Your task >> What is needed here is an exact copy of all the data.

Dataset content >>
********
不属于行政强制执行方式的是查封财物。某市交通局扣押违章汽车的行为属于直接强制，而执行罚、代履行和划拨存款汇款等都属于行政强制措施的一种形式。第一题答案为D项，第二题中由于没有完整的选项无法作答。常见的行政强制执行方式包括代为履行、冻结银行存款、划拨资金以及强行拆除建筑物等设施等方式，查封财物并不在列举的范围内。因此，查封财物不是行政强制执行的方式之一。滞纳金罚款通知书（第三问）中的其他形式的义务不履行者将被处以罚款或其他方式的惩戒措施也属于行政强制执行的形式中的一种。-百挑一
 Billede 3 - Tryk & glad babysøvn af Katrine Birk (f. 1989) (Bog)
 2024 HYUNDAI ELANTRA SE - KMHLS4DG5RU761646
********
Problem solution >>
不属于行政强制执行方式的是查封财物。某市交通局扣押违章汽车的行为属于直接强制，而执行罚、代履行和划拨存款汇款等都属于行政强制措施的一种形式。第一题答案为D项，第二题中由于没有完整的选项无法作答。常见的行政强制执行方式包括代为履行、冻结银行存款、划拨资金以及强行拆除建筑物等设施等方式，查封财物并不在列举的范围内。因此，查封财物不是行政强制执行的方式之一。滞纳金罚款通知书（第三问）中的其他形式的义务不履行者将被处以罚款或其他方式的惩戒措施也属于行政强制执行的形式中的一种。-百挑一
 Billede 3 - Tryk & glad babysøvn af Katrine Birk (f. 1989) (Bog)
 2024 HYUNDAI ELANTRA SE - KMHLS4DG5RU761646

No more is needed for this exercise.